Algunos amigos ya han regresado al trantrán laboral y me han contado sus cuitas, que entiendo muy bien, porque también fui de los que tienen que acudir durante once meses a un centro de trabajo y pasarse allí medio día, pero mi melancolía no es exactamente de ese tipo, puesto que yo trabajo como Juan Palomo, y además mis vacaciones de verano lo son sólo a tiempo parcial, puesto que he de seguir escribiendo y perorando para ganarme el sustento (ahora mismo, por ejemplo, he estado oyendo las noticias de la radio para estar a la última y dentro de un rato bajaré a Alacant para acudir a los estudios de Radio 9, desde donde participo en la tertulia de Boulevard abierto, de Radio Euskadi. También lo hice el lunes. Y cuando vuelva a casa, ya a media mañana, tendré que ponerme a escribir una contribución que me han pedido para un libro. Y mandar al periódico mi columna de mañana. Etcétera.)

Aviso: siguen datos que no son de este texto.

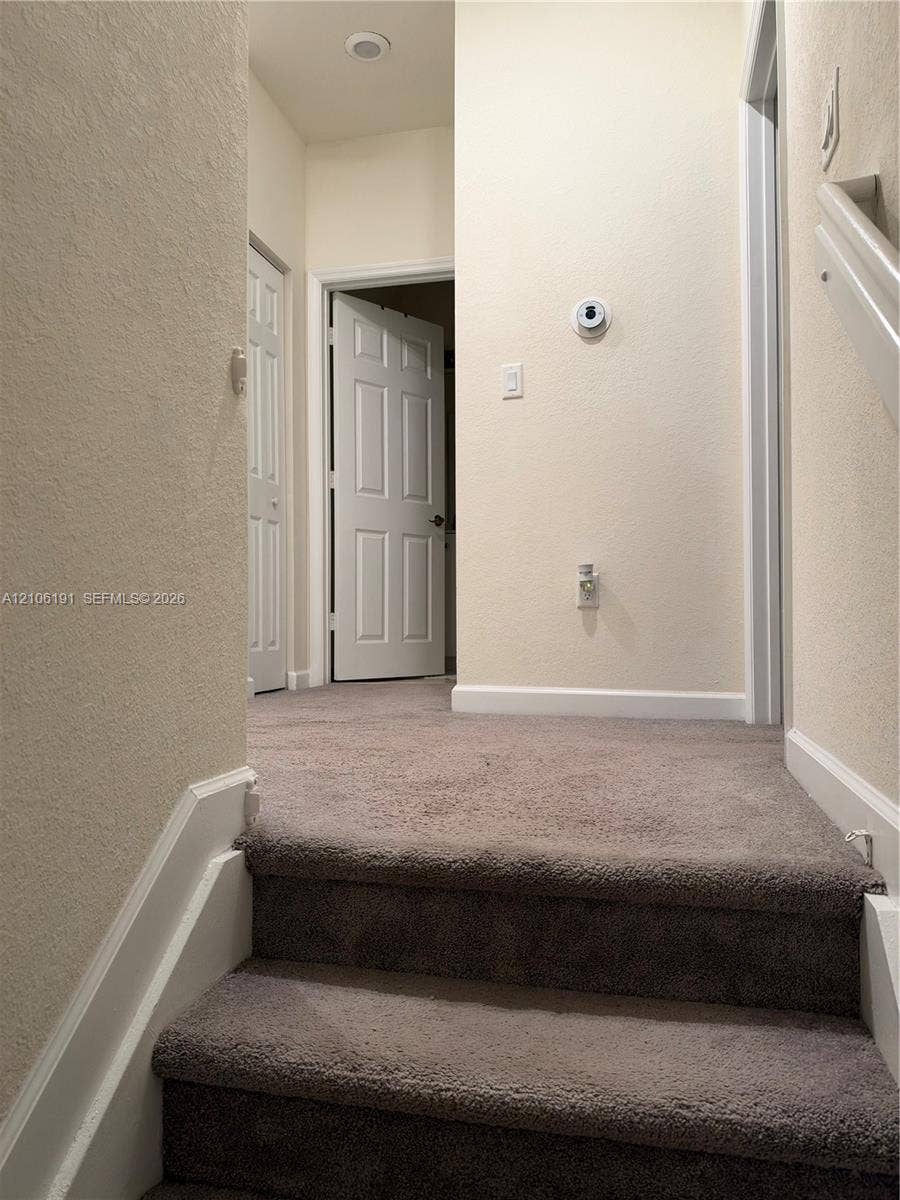 3402 W 105th Street, Hialeah, FL 33018 Neutral carpeted flooring, white six-panel interior doors, and wall-mounted digital thermostat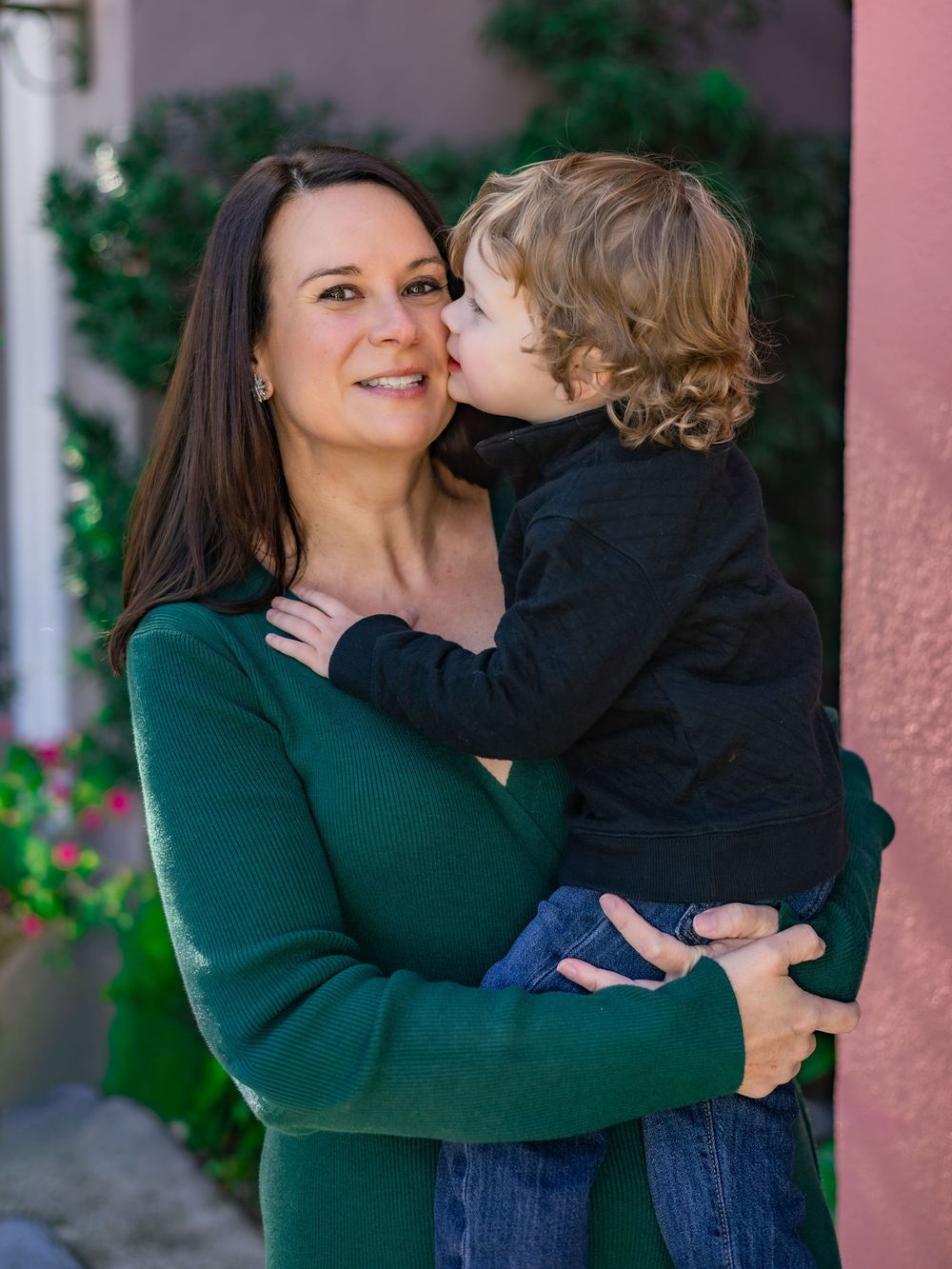A tender moment shared between parent and child wearing green and navy outfits against a pink wall backdrop.
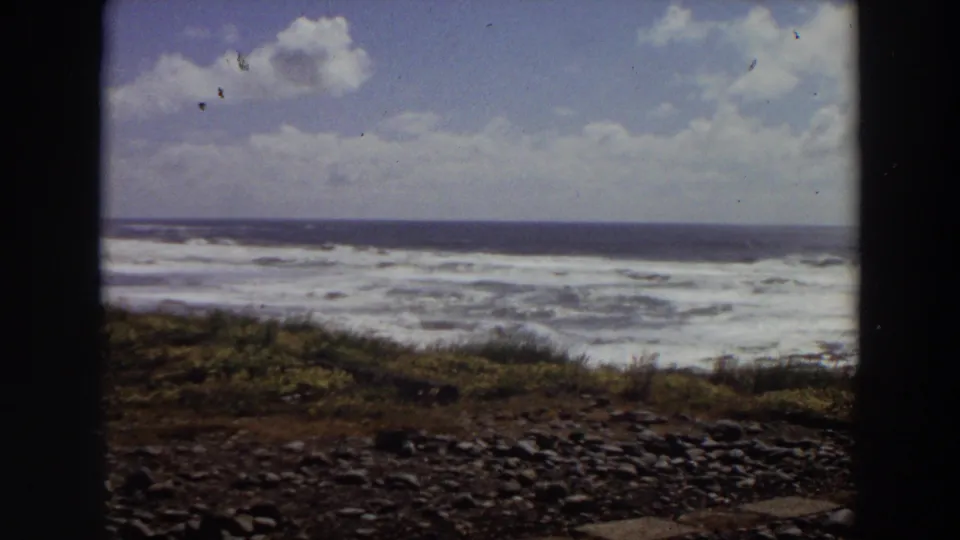 1964 California 8mm still of a rocky vegetated beach with white surf, offshore horizon, and bright clouds in the sky.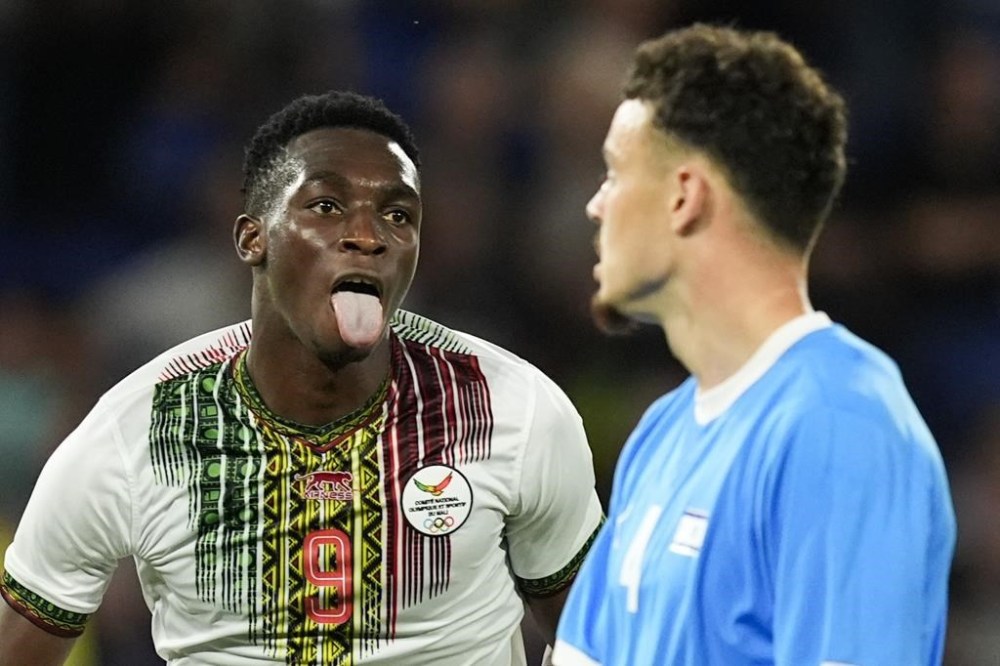 Mali's Cheickna Doumbia reacts after scoring his team's first goal during the men's group D match between Israel and Mali at the Parc des Princes during the 2024 Summer Olympics, Wednesday, July 24, 2024, in Paris, France. (AP Photo/Rebecca Blackwell)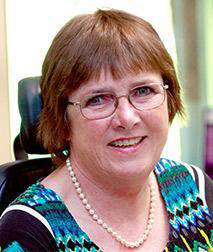 The image is a photograph of an older woman with glasses, smiling at the camera. She has short hair and is wearing a colorful top. The background is blurred but appears to be an indoor setting with natural light.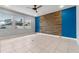 Bright living room boasts tile floors, natural light, accent wall, and a ceiling fan at 5144 Ravena E Ave, St Cloud, FL 34771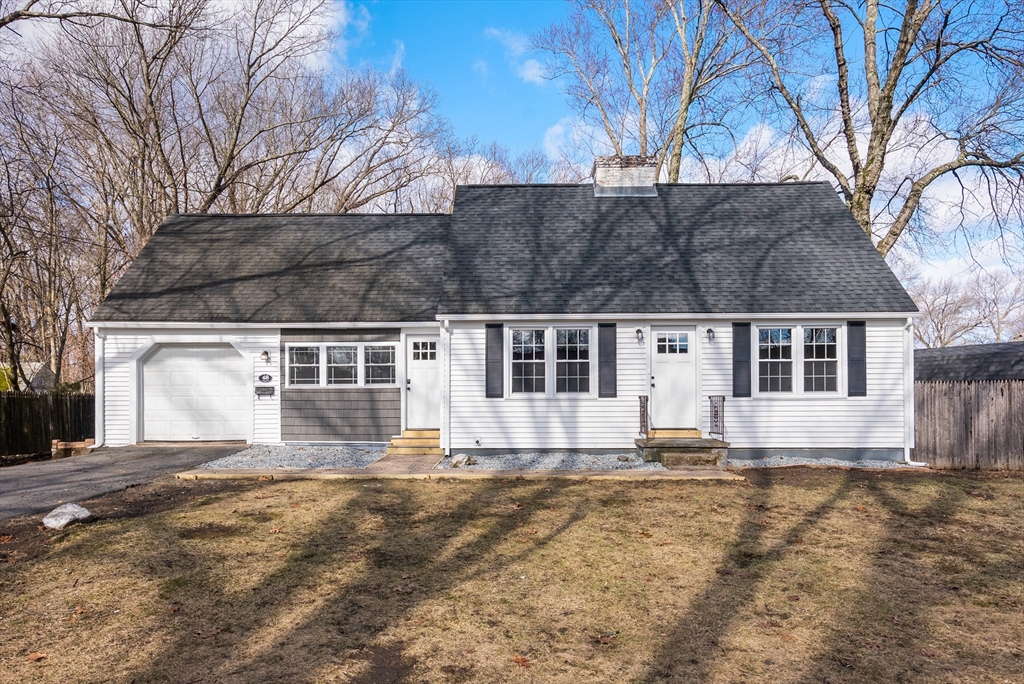 48 Beeler Avenue Chicopee, MA 01020 - Photo 1 of 30 a front view of a house with a yard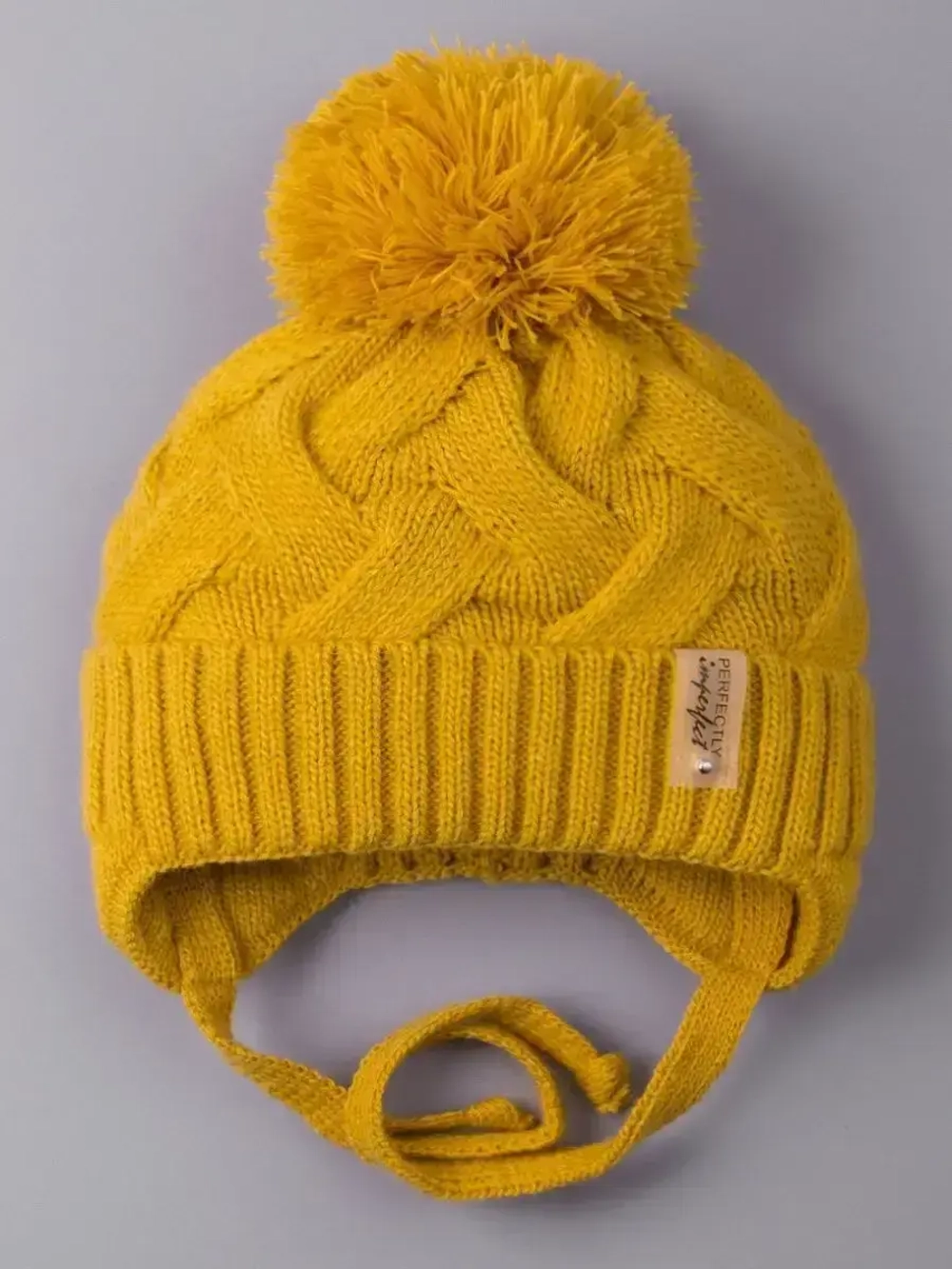 Шапка вязаная демисезонная на завязках для детей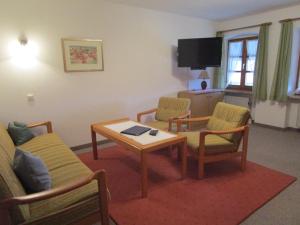 a living room with a table and chairs and a tv at Schneiderhof in Rimsting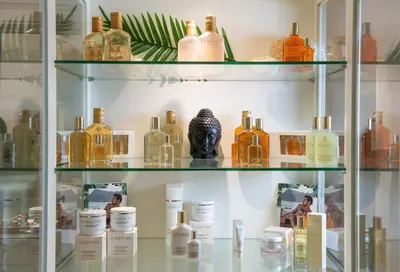 a display case filled with bottles of alcohol at Mitsis Selection Alila in Faliraki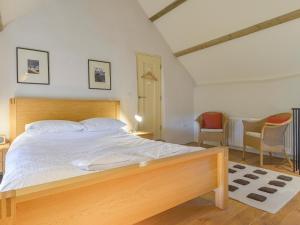 a bedroom with a large bed with a wooden headboard at The Bakehouse in Gidleigh +6 photos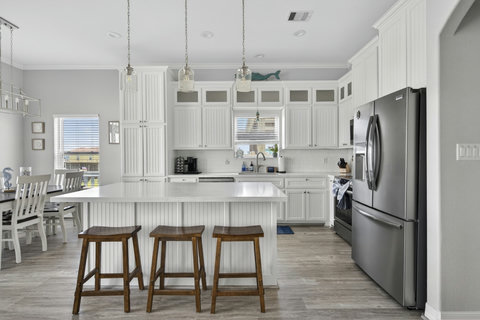 White kitchen with quartz counters and stainless appliances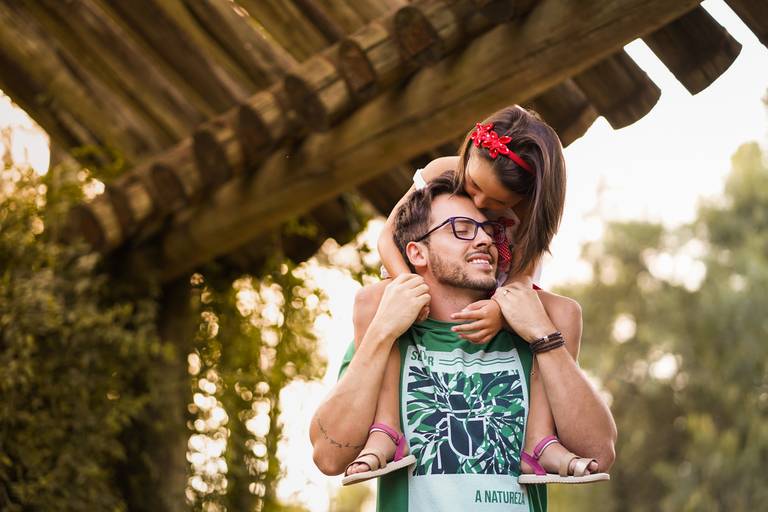 Ensaio da família Albach fotografado por um dos melhores fotógrafos do Brasil, Michel Druziki. Filha nos ombros do pai dando um beijo na testa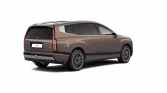 Brauner Hyundai Elektro-SUV in Heckansicht auf weißem Hintergrund, modernes Design und große Räder sichtbar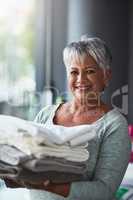 Anybody call for freshly washed towels. Portrait of a mature woman holding freshly folded towels while doing laundry at home.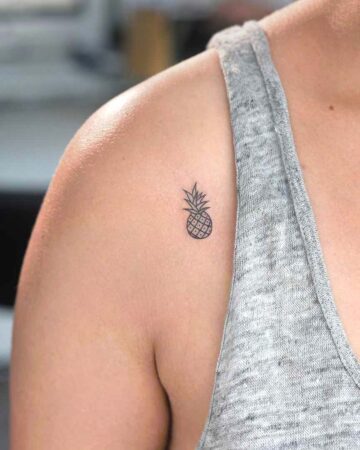 A small, minimalist pineapple tattoo on a woman's shoulder. The delicate black outline showcases the fruit's textured skin and spiky crown, a popular design for small tattoos.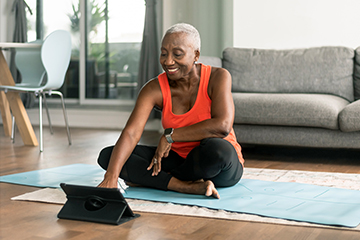 Woman sitting on a yoga mat interacting with a tablet.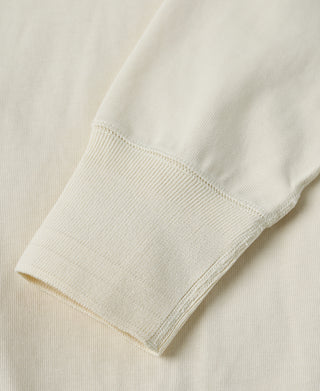 Ribbed long-sleeve cuff detail on a light cream henley shirt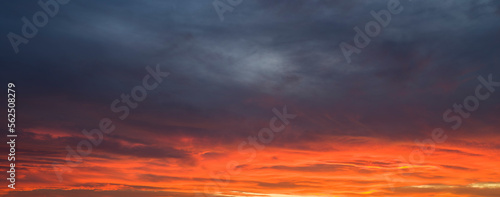 Dramatic blue sky panorama at orange sunset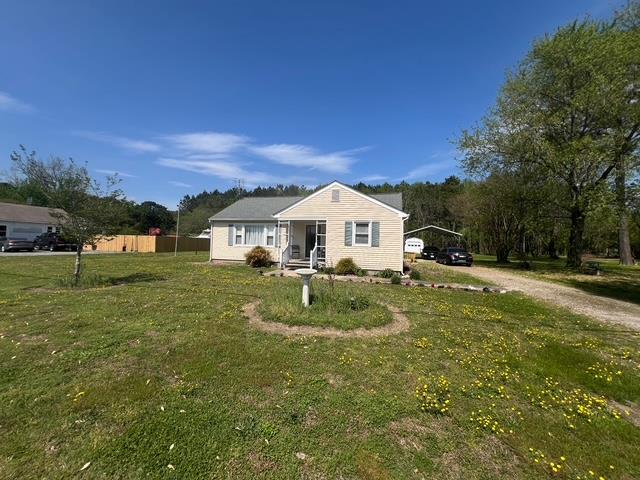 bungalow-style home with fence, a carport, dirt driveway, and a front lawn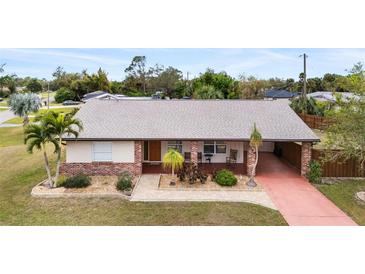 Brick ranch home with a carport and landscaped yard at 1029 Belmar Ave, Port Charlotte, FL 33948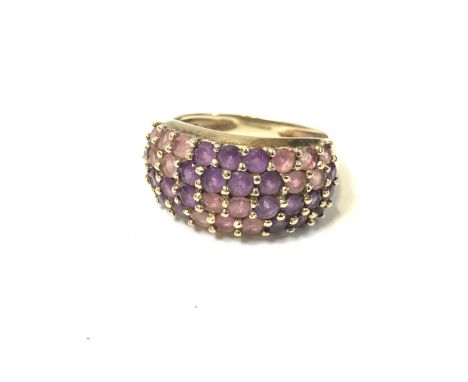 A LADIES 9CT YELLOW GOLD RING WITH PINK AND PURPLE STONES 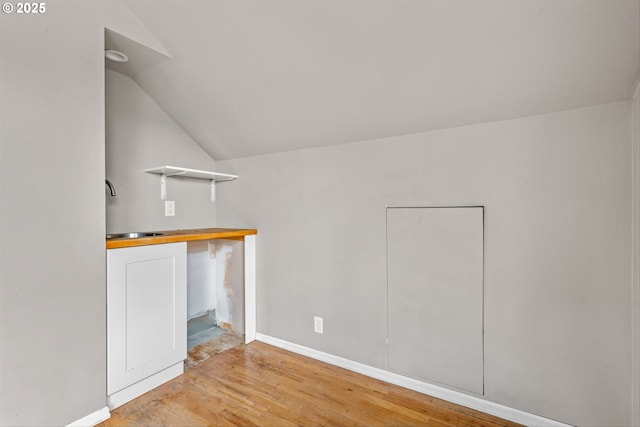 4715 N Willamette Blvd, Portland, OR 97203 - empty room with vaulted ceiling and light wood-type flooring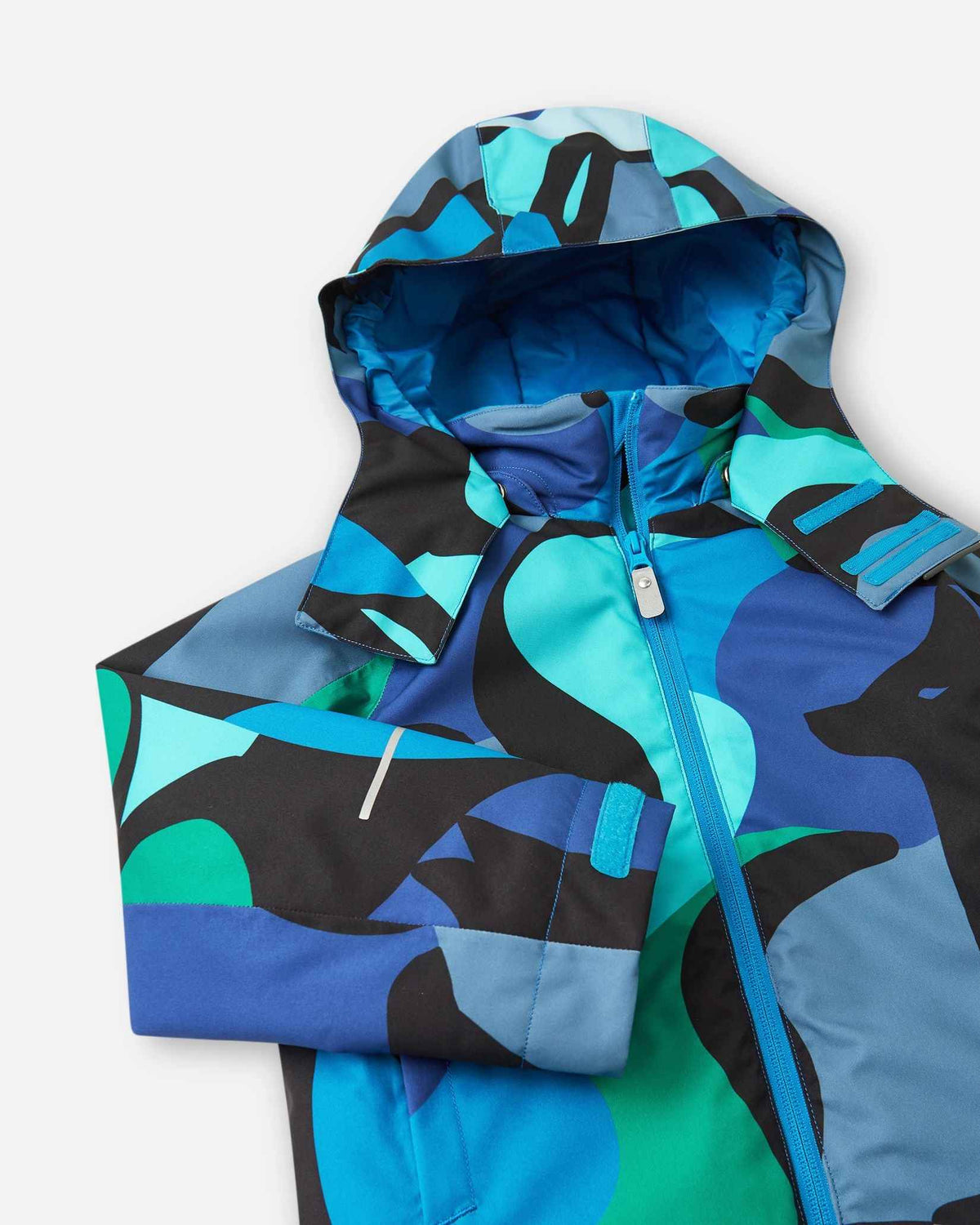 A full front view of the Reima Palsi ski jacket in the blue aquatic camo pattern with the hood attached.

Sin embargo, también a mí me viene y me coge por el alma el maldito síndrome posvacacional. Imagino que tiene que ver no sólo con el fastidio del regreso a la rutina –muy insatisfactoria o menos insatisfactoria, según los casos– sino también con factores físicos (qué sé yo, hormonales, o de alguna de esas otras marranadas que tenemos los humanos por dentro y que nos condicionan sin que nos demos cuenta).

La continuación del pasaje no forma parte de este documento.